Before executing a DAG in a distributed environment, you need to set up your nodes:

# On each node, start Handoff
Handoff.start()

# Register the local node with its capabilities
Handoff.register_local_node(%{
  cpu: 8,        # 8 CPU cores
  memory: 16000, # 16GB memory
  gpu: 1         # 1 GPU unit
})

node-discovery

Node Discovery

Handoff provides automatic node discovery within a connected Erlang cluster:

# Discover all nodes in the cluster and register their capabilities
{:ok, discovered_nodes} = Handoff.discover_nodes()

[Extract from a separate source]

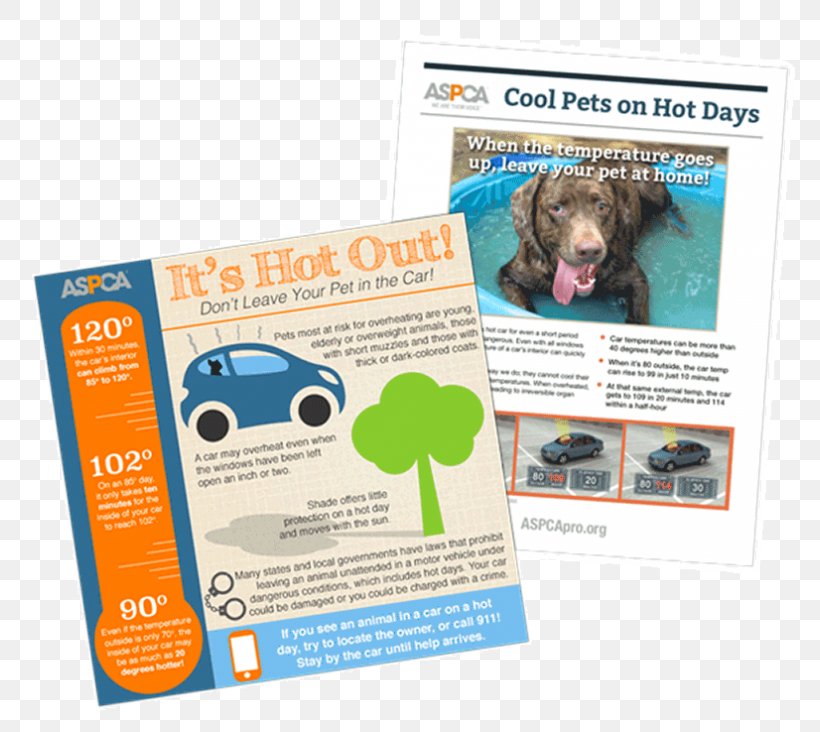 Dog American Society For The Prevention Of Cruelty To Animals Pet Animal Shelter Information, PNG, 784x732px, Dog, Advertising, Animal Shelter, Brand, Brochure Download Free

# See what nodes are available and their resources
IO.inspect(discovered_nodes)
# Example output:
# %{
#   :"node1@192.168.1.100" => %{cpu: 8, memory: 16000, gpu: 1},
#   :"node2@192.168.1.101" => %{cpu: 4, memory: 8000},
#   :"node3@192.168.1.102" => %{cpu: 16, memory: 32000, gpu: 2}
# }

resource-aware-functions

Resource-Aware Functions

To take advantage of distributed execution, define functions with resource requirements:

alias Handoff.Function

# CPU-intensive function
cpu_heavy_fn = %Function{
  id: :cpu_intensive,
  args: [:input_data],
  code: &SomeModule.heavy_computation/1,
  cost: %{cpu: 4, memory: 2000}  # Requires 4 CPU cores, 2GB memory
}

# GPU-accelerated function
gpu_fn = %Function{
  id: :gpu_task,
  args: [:preprocessed_data],
  code: &SomeModule.gpu_computation/1,
  cost: %{gpu: 1, memory: 4000}  # Requires 1 GPU, 4GB memory
}

distributed-execution

Distributed Execution

Execute your DAG across the cluster using execute_distributed:

# Build and validate your DAG
dag =
  Handoff.new()
  |> Handoff.DAG.add_function(source_fn)
  |> Handoff.DAG.add_function(cpu_heavy_fn)
  |> Handoff.DAG.add_function(gpu_fn)
  |> Handoff.DAG.add_function(aggregation_fn)

:ok = Handoff.DAG.validate(dag)

# Execute the DAG across the cluster
{:ok, results} = Handoff.execute_distributed(dag, max_retries: 3)

fault-tolerance

Fault Tolerance

Distributed execution in Handoff includes automatic fault tolerance:

  • Task retry on failure (configurable with max_retries)
  • Node failure detection
  • Result synchronization across nodes

If a node fails during execution, its tasks will be reassigned to other suitable nodes.